The next frontier: network sustainability is now a governance opportunity
By Gaurav Sharma, Digital Sustainability Product Manager, BT Group and Ankur Jain, Director, Infrastructure Solutions (AMEA), BT International
Tuesday, 24 February, 2026
Australian governments have typically done well as leaders in climate sustainability reporting. From early adoption of climate disclosure obligations to broadly consistent frameworks across Commonwealth, state and territory agencies, the public sector has demonstrated commitment to transparent, accountable environmental governance. As these programs mature, network infrastructure represents the next natural frontier.
The foundations for climate accountability are in place and working. Agencies are now reporting emissions with rigour, implementing net-zero roadmaps, and embedding sustainability into procurement and operational decisions.
With climate reporting requirements operational and delivering insights, agencies are well-positioned to bring the same rigour to network strategy, turning sustainability governance into measurable infrastructure outcomes.

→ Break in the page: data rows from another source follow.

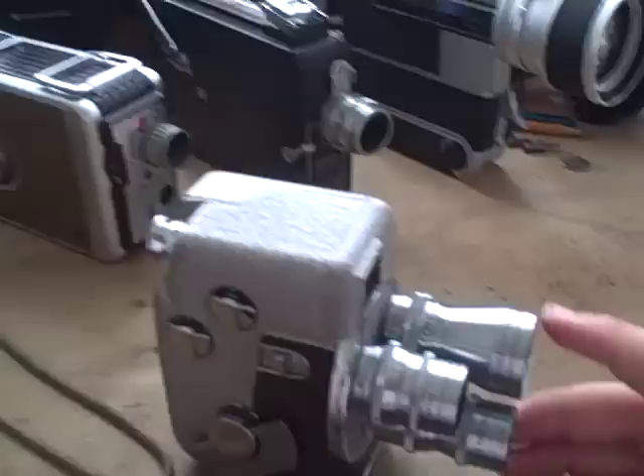I can start with this one — I got it in Italy in 2006. It is a Revere B63, the 3 being the number of lenses. It is a turret camera. This is a wide angle lens, a standard everything lens, and this is a bit of a telephoto lens.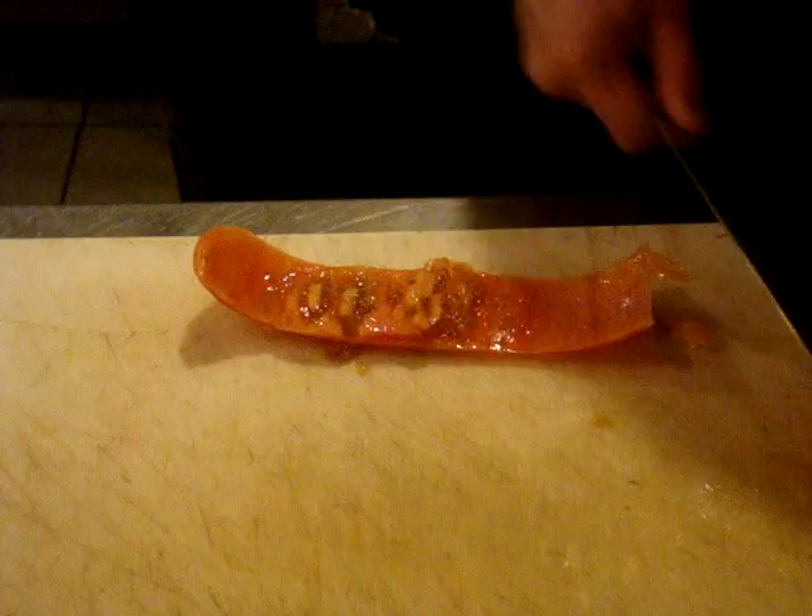Next, I'm going to continue to go through and clean up further. Take off some of those walls and seeds and get a nice, clean, even piece of tomato right there.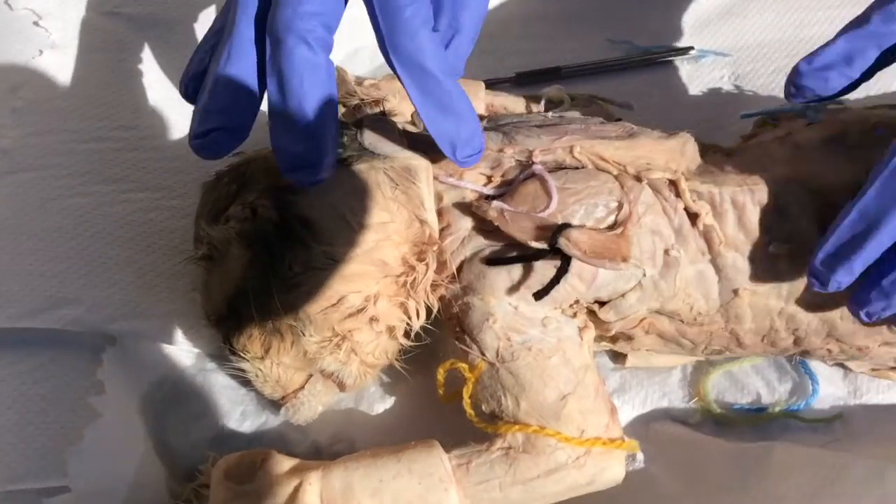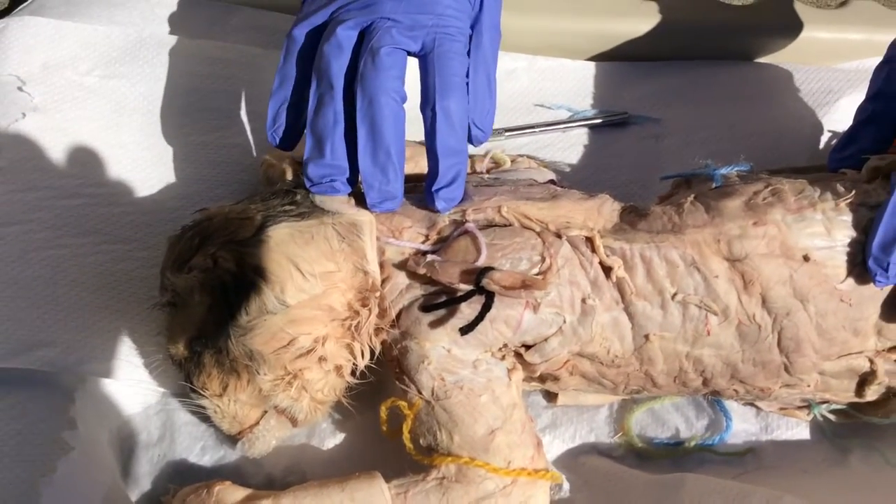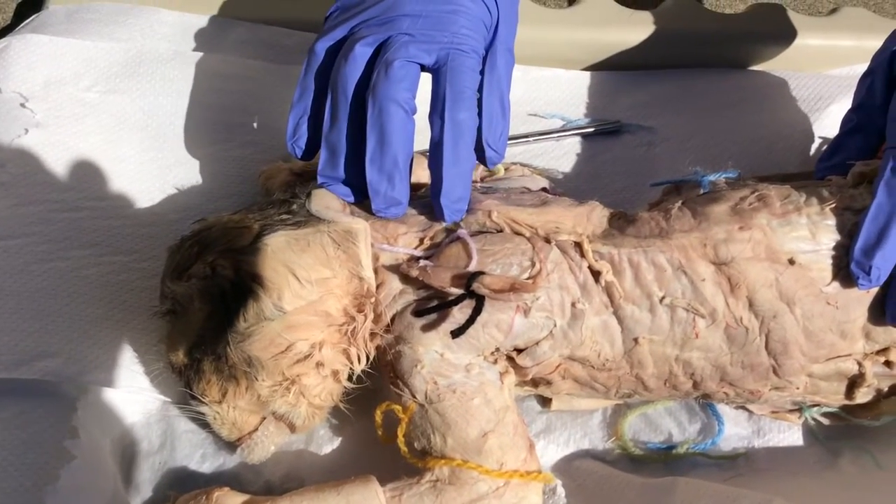The rhomboid muscle is directly in the middle in pink. The rhomboid moves the scapula and is a deep, most medial muscle in the upper back.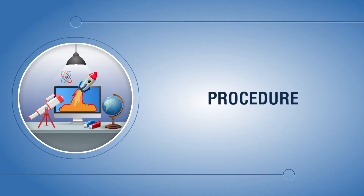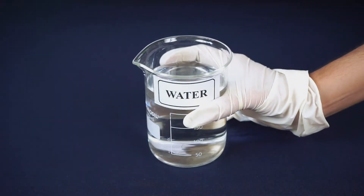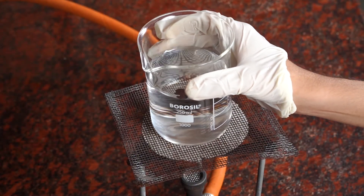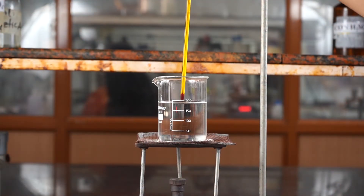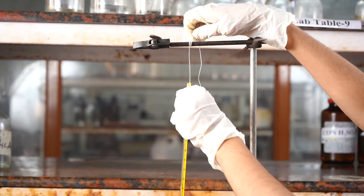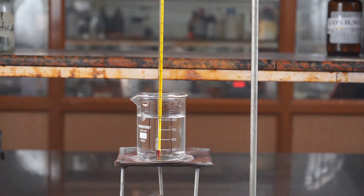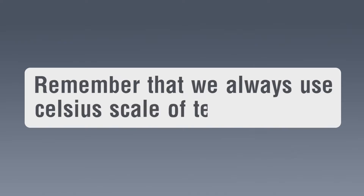Procedure: Take the beaker with water and put it on the Bunsen burner with the help of a tripod stand and wire gauze. Keep the laboratory stand and clamp the laboratory thermometer on it. Remember that we always use the Celsius scale of temperature.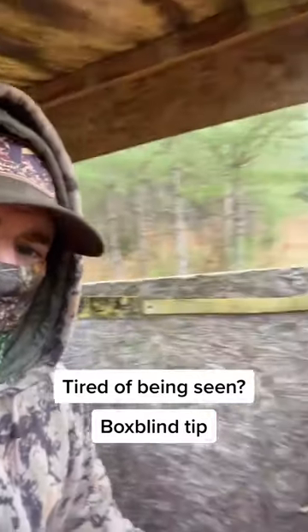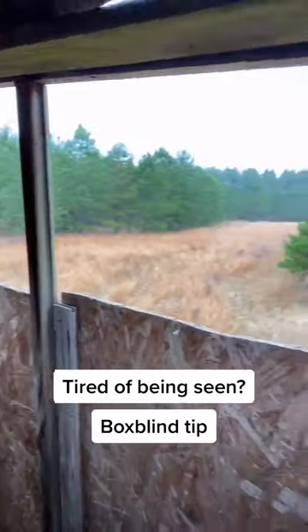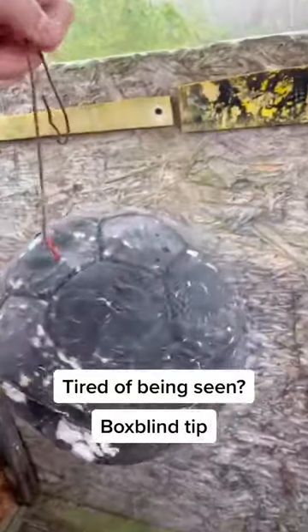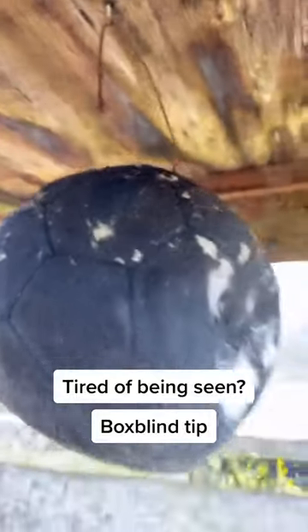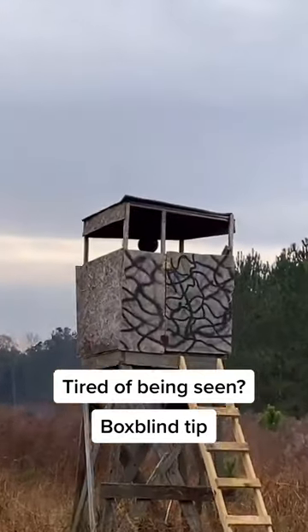Here's a little trick we found when hunting out of a box blind and you don't have much cover. Take an old soccer ball, paint it black, and hang it up whenever you leave the stand. The deer get used to that silhouette. Do it consistently, the same as you would any other routine.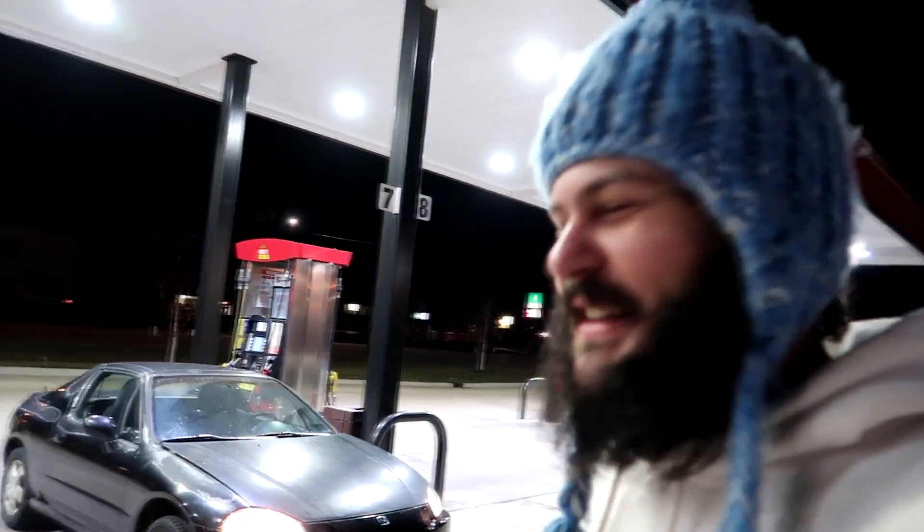Welcome back to Hunter Tune. Today I'm going to show you this $500 Honda Del Sol that I picked up and I've just been enjoying it. It's been great, but I didn't buy it running and driving like this. Stay tuned and find out what we got here and what I had to do to fix it.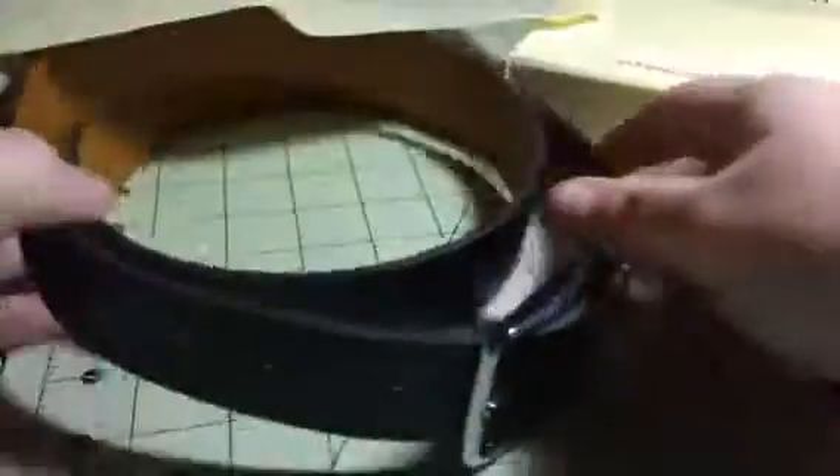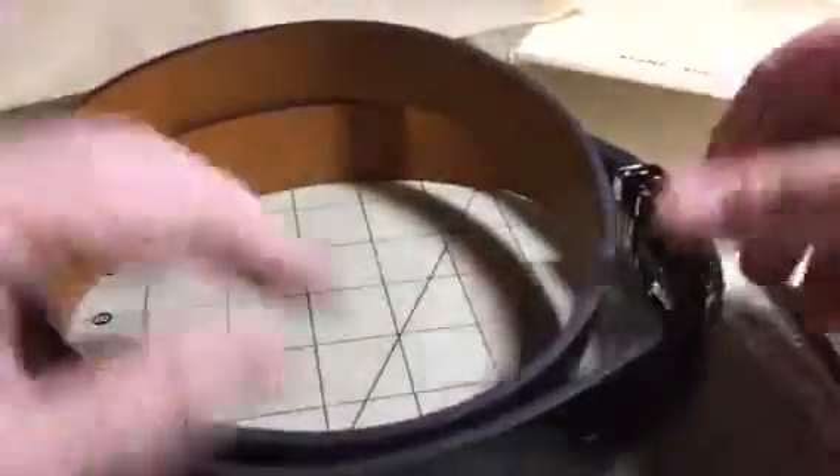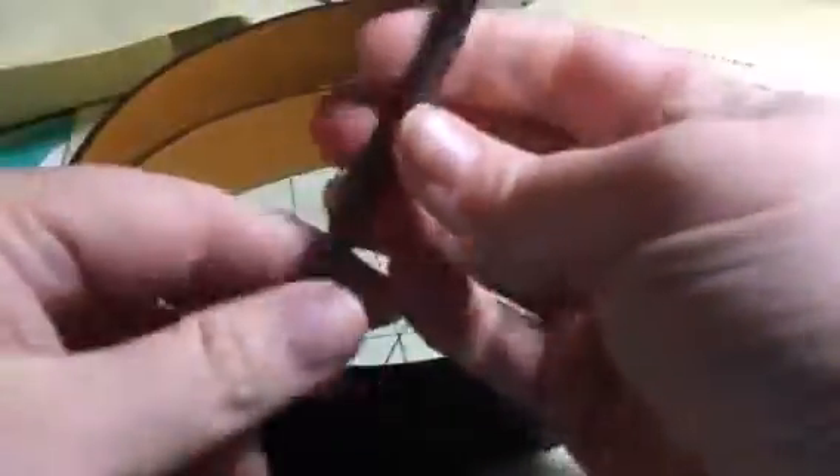The other thing I thought was cool was that they included a hole punch, so if for some reason these holes don't work for you, you can make your own size if you would like. It fit my husband just fine with the sizes they already had, but if you have a hard time finding a belt that fits — like maybe you need it a lot smaller — you can customize it using this little tool they include, which is really neat.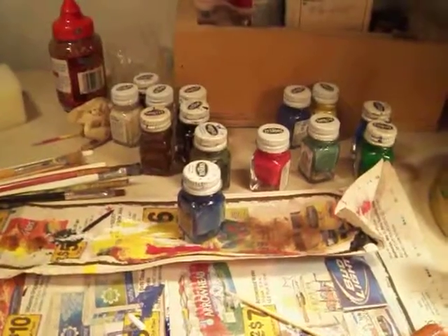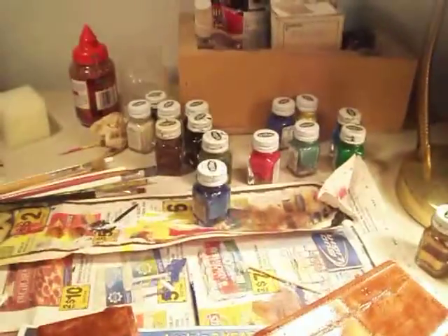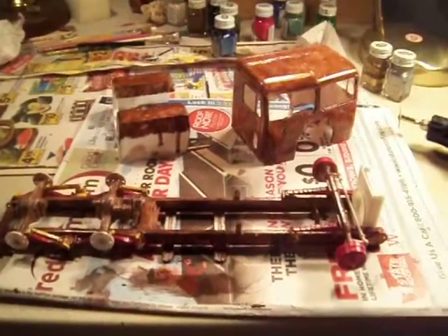I haven't figured out which color to make it yet — don't know, we'll see when we get there. But this is the frame so far. It still needs a hairspray coat on it, and my radiator still needs one too. So yep, that's where I am. Thanks for watching.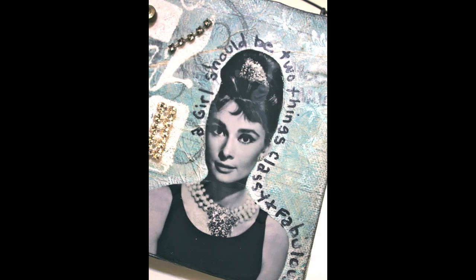So I hope you run out, pick up a 5-inch canvas, and make something for yourself.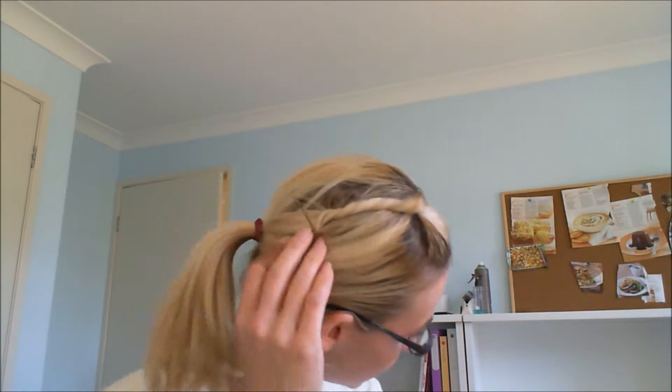Hi everyone, today it is day four of '10 days, 10 hair ways,' and as you can see I'm wearing my hair up — but I didn't go for a normal ponytail. I've tried to do something a little bit different: a little side twist here with the sides pulled back. So I thought I'd do a quick tutorial to show you how I got this look.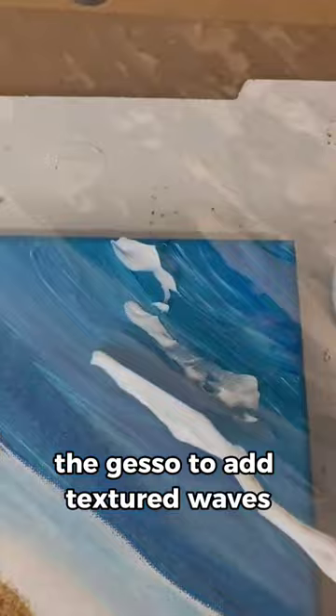Then she uses the gesso to add textured waves to the water, and she uses a real sea sponge to create sea foam. She uses puffy paint for where the water meets the sand, and even applies real seashells on the sand. This is such a beautiful piece.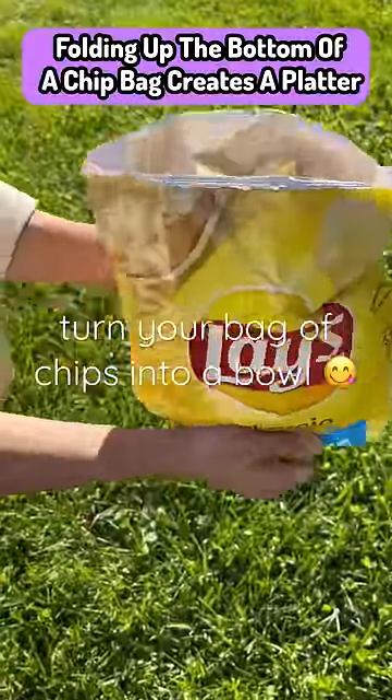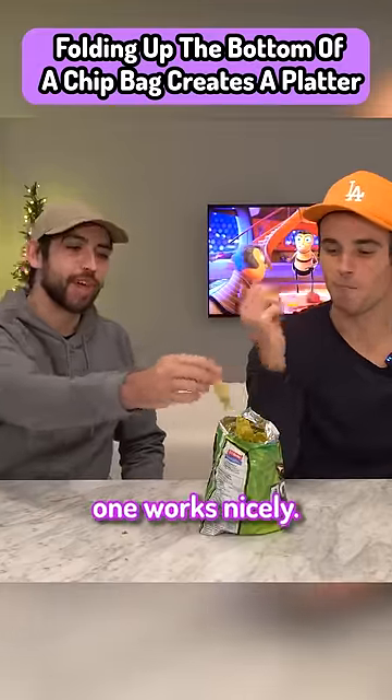Folding up the bottom of a chip bag creates a platter for the chips. Say goodbye to bowls, because this one works nicely.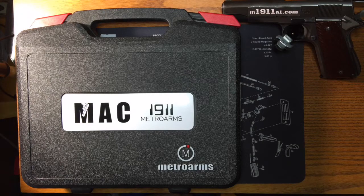Hey everyone, this is Dan with M1911A1.com. I've got another great unboxing here for you. This is another Mac 6-inch Bullseye, another replacement gun from my stolen arsenal that was taken from me about a month ago.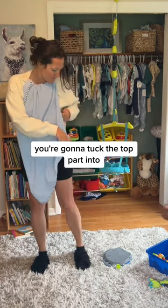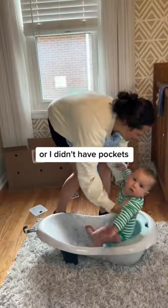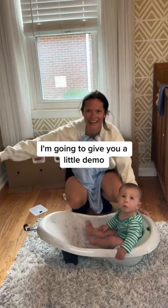You're going to tuck the top part into whatever you're wearing, and then the sides you can put into your pockets — or I didn't have pockets, so I just shoved it into my little shorts. I'm going to give you a little demo of how it works.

From efficient infrastructure to intelligent public service networks
Australian government agencies have made solid progress through infrastructure efficiency: hardware upgrades, data centre consolidation and performance optimisation. These achievements provide a strong foundation for the next evolution in network sustainability.
Australia’s unique geography, renewable energy opportunities and sophisticated service delivery models position governments to lead globally in intelligent network design. In 2026, the most significant opportunities lie in intelligent networks that respond to real demand. AI-enabled networking can allocate bandwidth precisely when services are accessed, optimise unused capacity, and route traffic based on performance, resilience and energy efficiency simultaneously. This extends sustainability outcomes through core network design decisions that enhance both service delivery and environmental performance.
Network-as-a-Service aligns infrastructure with service delivery
Building on successful cloud transformation experiences, governments can extend consumption-based models to network infrastructure through Network-as-a-Service (NaaS). Much as cloud has enabled more efficient compute, NaaS allows agencies to move beyond building networks for theoretical peak demand. Connectivity scales dynamically with actual service usage, optimising capacity while reducing infrastructure footprint.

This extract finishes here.